#### Exercise aim:
Your output should be exactly the lines from the one containing "Versatile sticker of" through the final line of the records, both included, with every picture left out.
━━━━
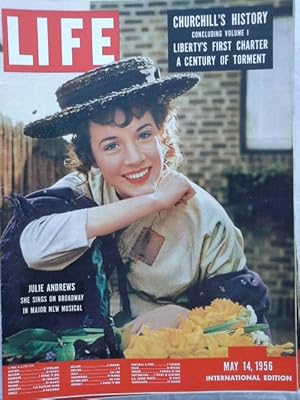 Life International Magazine May 14,1956. Julie Andrews. Churchill.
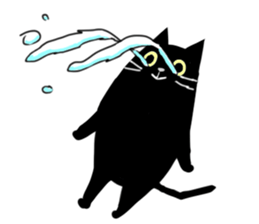 Versatile sticker of black cat sticker #9815093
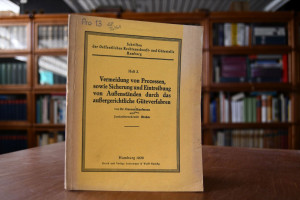 Vermeidung von Prozessen, sowie Sicherung und E...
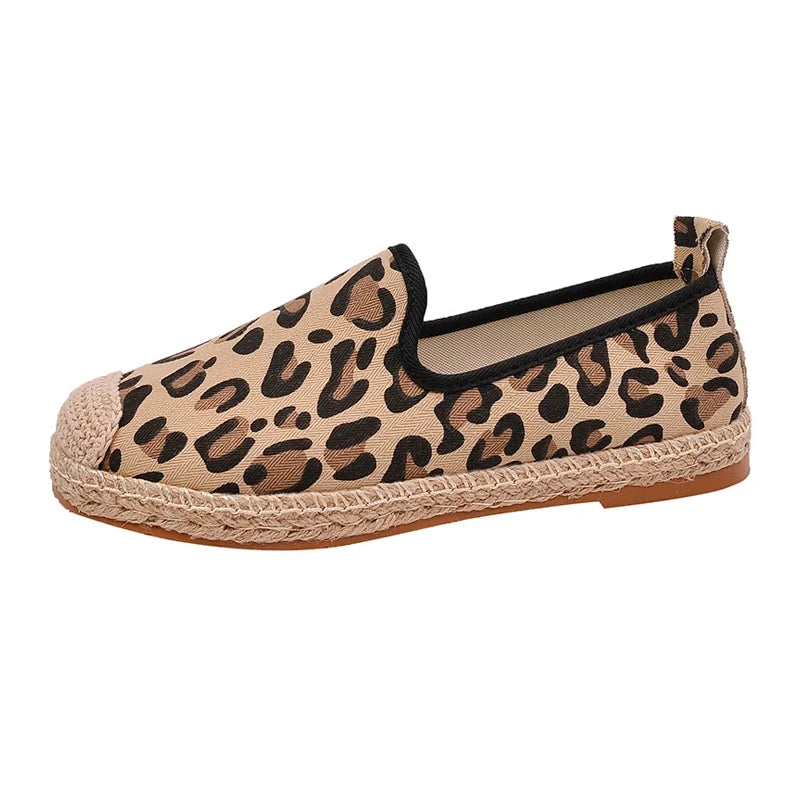 Sapatilha Loafer Aimal Print Onça - Estilo.E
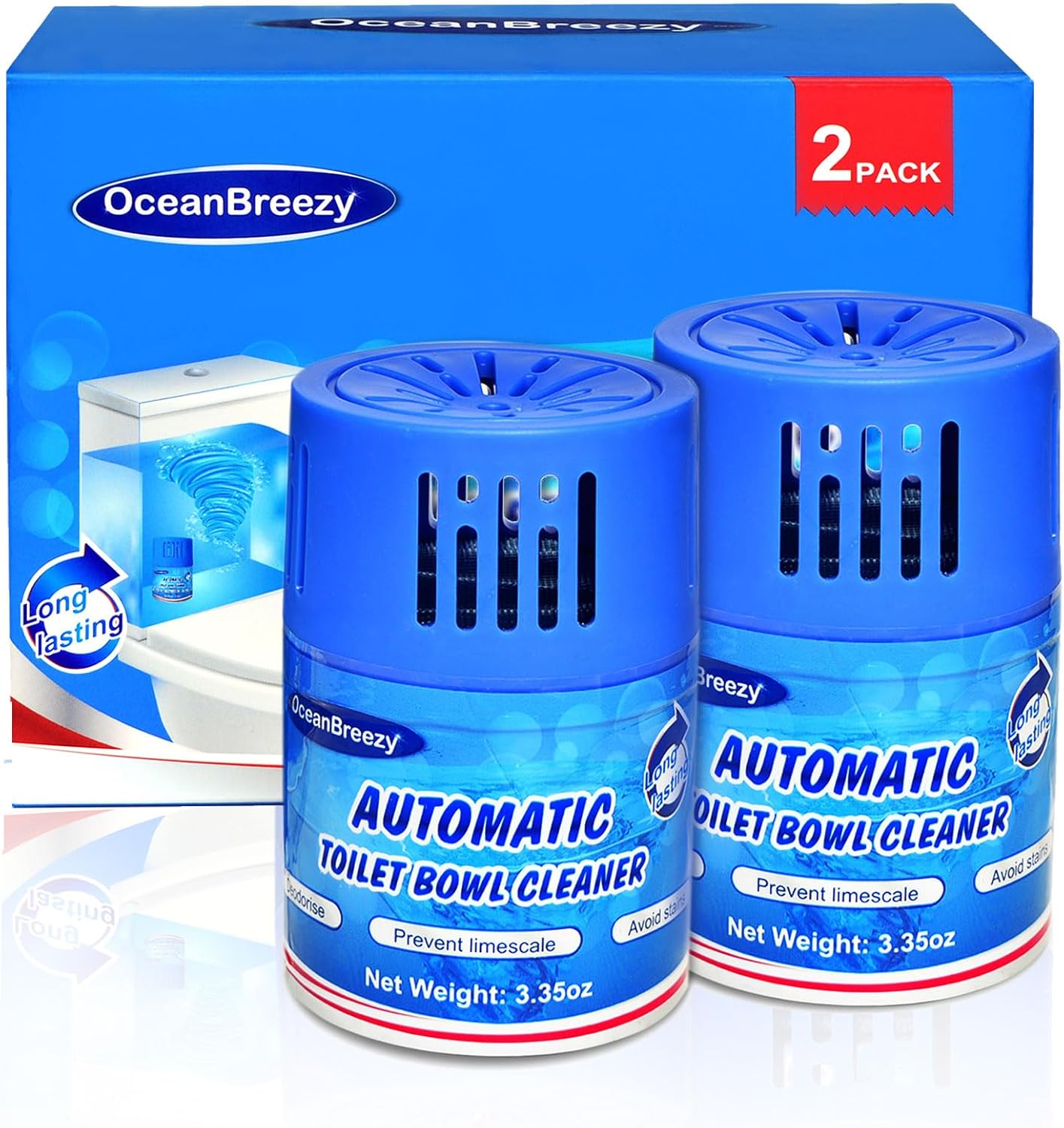 OceanBreezy Toilet Cleaner Tablets 2 Bottles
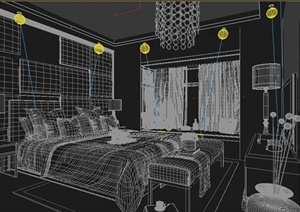 某简约式 风格卧室家装设计3DMAX模型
━━━━
#### Completed task:
 Versatile sticker of black cat sticker #9815093
 Vermeidung von Prozessen, sowie Sicherung und E...
 Sapatilha Loafer Aimal Print Onça - Estilo.E
 OceanBreezy Toilet Cleaner Tablets 2 Bottles
 某简约式 风格卧室家装设计3DMAX模型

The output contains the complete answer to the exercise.